O que podemos fazer quando ficamos com raiva? Buddha descreveu uma variedade de técnicas para desenvolver a paciência. Muitas delas são encontradas no Guia para o Modo de Vida do Bodhisattva, do grande sábio indiano Shantideva. O capitulo seis é um dos capítulos mais longos do livro, e ensina como evitar a raiva e cultivar a paciência.
Primeiro deve aprender as técnicas para lidar com a raiva. Depois, praticá-las em nossas meditações. Isto ajuda a aumentar a nossa familiaridade e ter confiança nessas novas maneiras de perceber as coisas. Ao praticar estas técnicas em um ambiente pacífico — sentados em nossas almofadas de meditação - construiremos um repertório de meios alternativos de percepção de situações que normalmente nos deixam com raiva.

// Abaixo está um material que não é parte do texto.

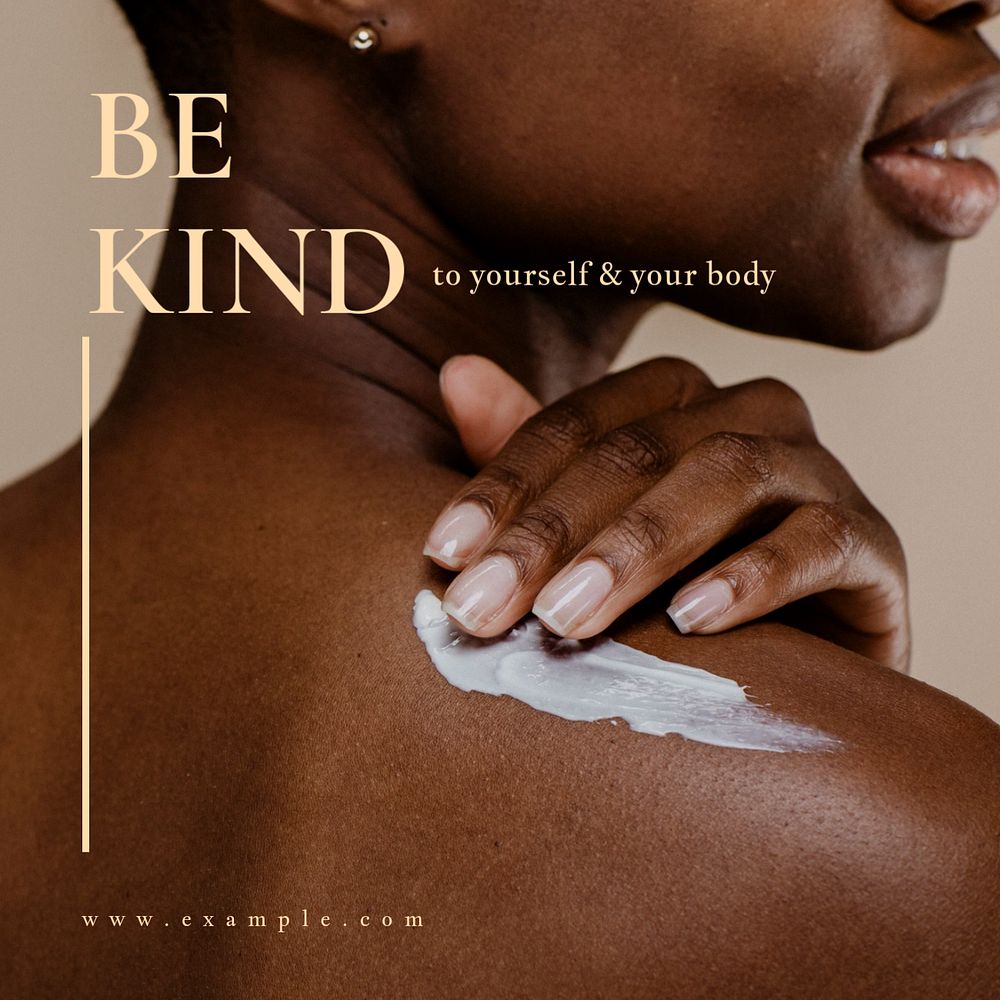 Be kind Instagram post template, editable text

É importante treinarmos essas técnicas quando não estamos com raiva. É como aprender a dirigir. Não vamos direto à auto-estrada no nosso primeiro dia na auto-escola, porque estamos despreparados e sem habilidade. Ao invés disto, dirigimos ao redor do estacionamento para ficarmos familiarizados com o acelerador, os freios e o volante. Praticando inicialmente num ambiente seguro, seremos capazes de lidar com o carro em situações mais perigosas no futuro.

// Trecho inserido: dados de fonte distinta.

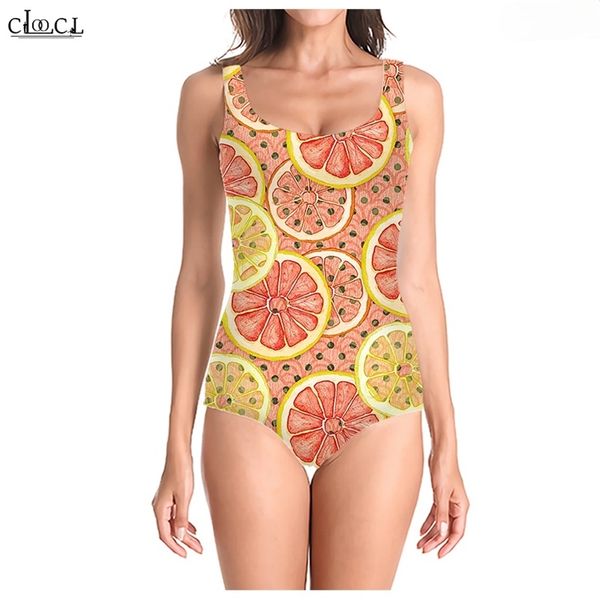 

fashion women onepiece swimsuit fruit green leaves 3d print girl bathing suit sleeveless women swimwear 220617, White;black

De maneira semelhante, primeiro praticamos a paciência quando não estamos numa situação de conflito. Fazemos isto através de lembranças de experiências anteriores — situações em que explodimos de raiva, ou eventos que até agora nos deixa hostis ou magoados só em lembrá-los. Depois, aplicamos as técnicas: repassamos um vídeo mental do evento, mas tentamos pensar nele de maneira diferente. Ao rever a situação com uma nova perspectiva, a raiva diminui. Então poderemos também antever a nós mesmos respondendo ao outro de maneira diferente.
Fazer isto não só nos ajuda a dissolver mágoas e rancores passados, mas também nos familiariza com as técnicas que podemos aplicar em situações semelhantes no futuro. Então, sempre que uma situação ocorrer em nossas vidas, e sentirmos nossa raiva surgir, podemos selecionar uma técnica e aplicá-la.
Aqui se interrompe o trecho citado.